S&P: New Orleans' GO Debt Upgraded To 'AA-' From 'A+' On Improved Economic Wealth And Income Levels; Outlook Stable
At the same time, S&P Global Ratings assigned its 'AA-' long-term rating and stable outlook to the city's series 2016 GO refunding bonds.
"We base the upgrade on our view of New Orleans' improvement in current and projected economic wealth and income levels and total available reserves as a percent of expenditures," said S&P Global Ratings credit analyst Jennifer Garza.
The city's full faith, credit, and resources, as well as an agreement to levy ad valorem property taxes without limitation as to rate or amount, secure these bonds. This tax revenue is immediately segregated and paid to the Board of Liquidation, which is responsible for depositing, investing, and reinvesting such receipts and for paying debt service on the city's GO debt. In the event that tax revenue dedicated to the payment of debt service is insufficient, the Board of Liquidation may use funds on hand that are not dedicated to other purposes, and is empowered to levy an additional tax to cover such deficiency.

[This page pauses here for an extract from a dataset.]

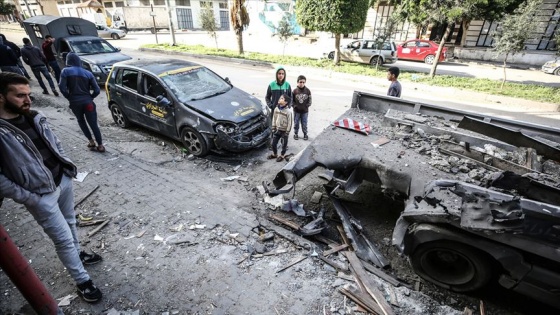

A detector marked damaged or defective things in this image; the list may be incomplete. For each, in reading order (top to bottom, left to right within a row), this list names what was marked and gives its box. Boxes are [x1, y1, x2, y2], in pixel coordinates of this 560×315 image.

car's broken windshield [71, 39, 118, 55]
car's broken windshield [161, 67, 231, 102]
car's crumpled hood [183, 88, 264, 125]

The statutory provisions authorizing the bonds provide that the Board of Liquidation shall continue while any of the city's GO bonds are outstanding and unpaid and that its powers with respect to payment of the GO bonds shall not be diminished.

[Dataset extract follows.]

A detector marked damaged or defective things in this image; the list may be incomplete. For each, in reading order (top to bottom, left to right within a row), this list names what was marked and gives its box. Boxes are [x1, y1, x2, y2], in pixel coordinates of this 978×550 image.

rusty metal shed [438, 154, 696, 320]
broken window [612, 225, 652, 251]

Officials will use the series 2016 GO bond proceeds to refund a portion of the city's existing debt for savings.
The rating reflects our view of the city's:Strong economy, with access to a broad and diverse metropolitan statistical area (MSA); Strong management, with "good" financial policies and practices under our financial management assessment (FMA) methodology; Adequate budgetary performance, with operating results that we expect could deteriorate in the near term relative to fiscal 2015, which closed with balanced operating results in the general fund and an operating surplus at the total governmental fund level; Strong budgetary flexibility, with an available fund balance in fiscal 2015 of 12.3% of operating expenditures; Very strong liquidity, with total government available cash at 16.3% of total governmental fund expenditures and 124.9% of governmental debt service, and access to external liquidity we consider exceptional; Very weak debt and contingent liability position, with debt service carrying charges at 13.1% of expenditures and net direct debt that is 95.7% of total governmental fund revenue, as well as a large pension and other postemployment benefit (OPEB) obligation and the lack of a plan to sufficiently address the obligation; and Very strong institutional framework score. The stable outlook reflects our expectation that we will not change the rating during the two-year outlook horizon. We believe New Orleans will maintain at least strong budgetary flexibility with at least adequate budgetary performance, based on recent increases in assessed value and commercial retail expansion, which should allow for growth in general fund revenue collections.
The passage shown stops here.